The production, in contrast to the later films which are steeped in their settings' mood, feels tranquil even when it will nod to this disturbing aspects, from these performances to the use of coffins to bring the students into the school, and the lack of a traditional narrative as this splits its emphasis on different characters prevents the material from merely being a demonstration of metaphors being spoon fed to the viewer. It takes patience as a result, as this work despite being structured around a very accessible narrative drive, over all the seasons through an entire school year, leaves many aspects of its logic unexplained.
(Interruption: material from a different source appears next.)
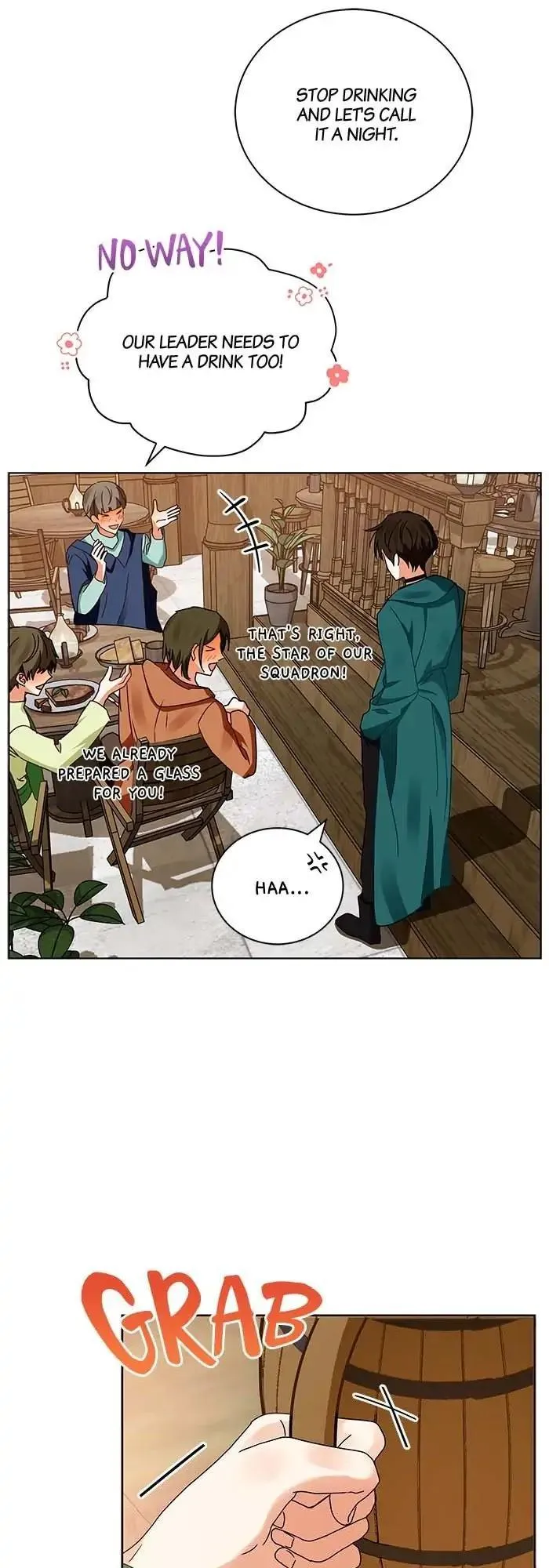 Read Crimson Karma en Manga Online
This school, lost in unknown woodland cut off from the world, is still fantastical even if the environment is vividly real woodland, and whilst we learnt gossip and truths about how the school works, it is still so vague that the metaphorical interpretation, that this is all a metaphor for growing from childhood to puberty, is completely justifiable. The film, unlike the other films, does without a lot of genre tropes particularly in horror (Evolution) or actual gore (Earwig), fairy tale apt if itself a term which can be questionable in whether it really explains the tone for Innocence.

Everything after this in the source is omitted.